The first issue with trying to install a virtual copy of ChromeOS is that Google does not actually provide official software for our use. They locked it within the company’s proprietary walls.


Thankfully, we have ChromiumOS, the open-source little brother which you can download free here. Make sure to download the Virtualbox file. Once downloaded, extract it somewhere on your hard drive.

Step Two: Creation

Now we’re going to create the virtual machine. Open Virtualbox and create a new VM. We named ours “ChromeOS” and set the VM type to Linux and Other Linux.


For the hard drive, we’re going to use an existing drive. You’ll have to click the folder icon and navigate to wherever you stored that downloaded hard drive file. It should end in the .vdi extension. For RAM, allocate however much you can afford. We gave it 1 GB.

Once you’ve made the virtual machine, we need to adjust the network settings. This is a Chromebook – if it’s not connected to the internet, it’s useless.

To open the internet connection, go to Settings > Network > Advanced. Change the adapter type to Intel Pro MT Desktop. Click OK and exit the settings.

Step Three: Virtualization

Click the green arrow at the top to start the VM. While it’s loading go up the top menu settings and uncheck the options for Mouse Integration. Our copy in OS X didn’t work with this turned on.

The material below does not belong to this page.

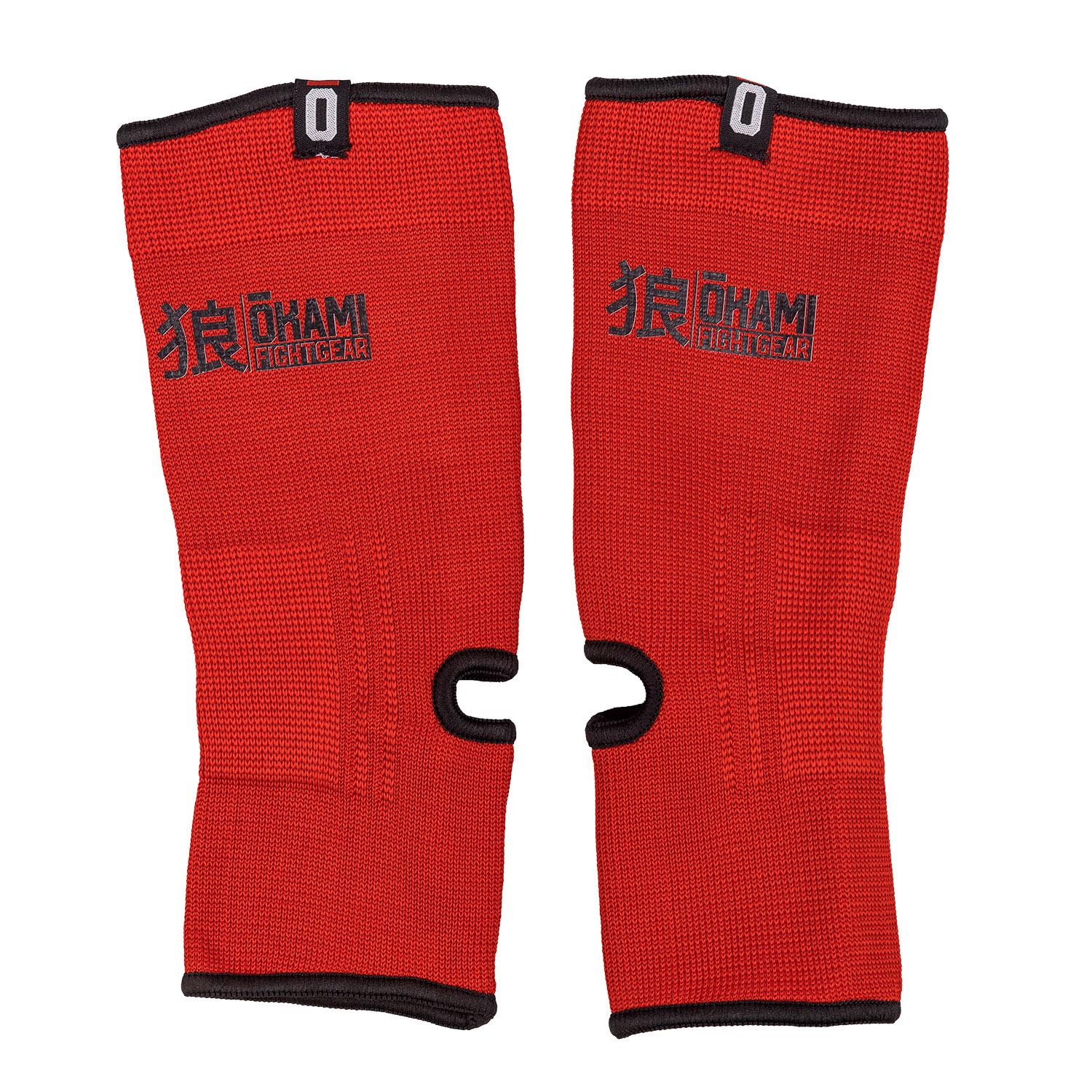 OKAMI Ankle Guards, red, XL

Disabling mouse integration means that clicking inside the VM “captures” the pointer. It won’t leave (and be accessible to the host OS) until you press the host key. By default, this is right Ctrl on Windows and left Cmd on Mac.

Once that’s working, sign in with your Google account and enjoy. That’s it. No setup, no installing, nothing. That’s the ChromeOS experience.

Step Four: Garnish Lightly With Salt and Enjoy

ChromiumOS impressed with its performance. It’s incredibly fast and lightweight. The OS puts everything behind the browser, with nothing else to distract it.

Even within a virtual window and with subpar specs (like 1 GB of RAM), browsing the web was snappy and responsive. We can see how a high-end machine like the Pixel would do well.

Of course, you could always just run Chrome on the host operating system. It’s essentially the same experience, without the messy virtualization. But that’s up to you.